Mini-invasive Surg 2017;1:121-125.10.20517/2574-1225.2017.23© The Author(s) 2017.
Open AccessTopic: Achalasia Management: The South American Viewpoint

One size fits all: laparoscopic Heller’s myotomy for the treatment of achalasia irrespective of the degree of dilatation

1Department of Surgery, Escola Paulista de Medicina, Federal University of São Paulo, São Paulo, SP 04037-003, Brazil.

2Department of Surgery, University of North Carolina at Chapel Hill, Chapel Hill, NC 27599, USA.

Correspondence Address: Dr. Fernando A. M. Herbella, Department of Surgery, Escola Paulista de Medicina, Federal University of São Paulo, Rua Diogo de Faria 1087 cj 301, São Paulo, SP 04037-003, Brazil. E-mail:


    This is an open access article licensed under the terms of Creative Commons Attribution 4.0 International License (, which permits unrestricted use, distribution, and reproduction in any medium, as long as the original author is credited and the new creations are licensed under the identical terms.


    Laparoscopic Heller’s myotomy is the most common surgical procedure to treat achalasia. It is the most accepted therapy for non-advanced stages of the disease. In the setting of advanced disease with marked esophageal dilatation or sigmoid-shaped esophagus the ideal surgical procedure is debatable. Esophagectomy is believed by several authors to be the operation of choice in these cases. Others; however, opt for less invasive alternatives. Laparoscopic Heller’s myotomy has been shown to be a safe and resourceful alternative in end-stage achalasia as well.


    Achalasia is a rare neurodegenerative primary esophageal motor disorder characterized by abnormal lower esophageal sphincter relaxation and aperistalsis[1]. The disease may be idiopathic[2] or secondary to Chagas’ disease - a tropical disease common in Latin America[3], although both forms have distinct etiology they share the same pathophysiology. End-stage disease with marked esophageal dilatation or sigmoid-shaped esophagus is; however, more frequent in Chagas’ disease patients [Figure 1][4].

    Figure 1. Massive dilated megaesophagus in a patient with Chagas's disease esophagopathy

    The degree of esophageal dilatation is used to grade the severity of the disease and may be used as a guide to tailor treatment according to some authors[5]. There is no consensus on the threshold of esophageal diameter to consider the disease as end-stage. While some adopt the limit in 6 cm[6], others prefer 7 cm[7]. In Brazil, 4 different stages of esophageal dilatation are considered[8] and end-stage disease is defined by diameterover 10 cm[9].

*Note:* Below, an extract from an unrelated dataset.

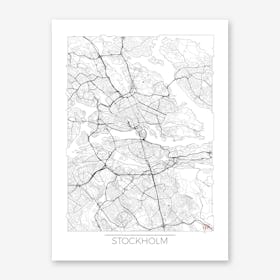 Stockholm Map Minimal Line Art Print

    Laparoscopic Heller’s myotomy (LHM) is the most common surgical procedure to treat achalasia. It is the most accepted therapy for non-advanced stages of the disease[10]. In the setting of advanced disease with marked esophageal dilatation or sigmoid-shaped esophagus the ideal surgical procedure is debatable[9]. Esophagectomy is believed by several authors to be the operation of choice in these cases[11]. However, others advocate for less invasive alternatives[6].

    This review discusses the role of LHM as the preferred treatment for achalasia irrespective of the degree of esophageal dilatation.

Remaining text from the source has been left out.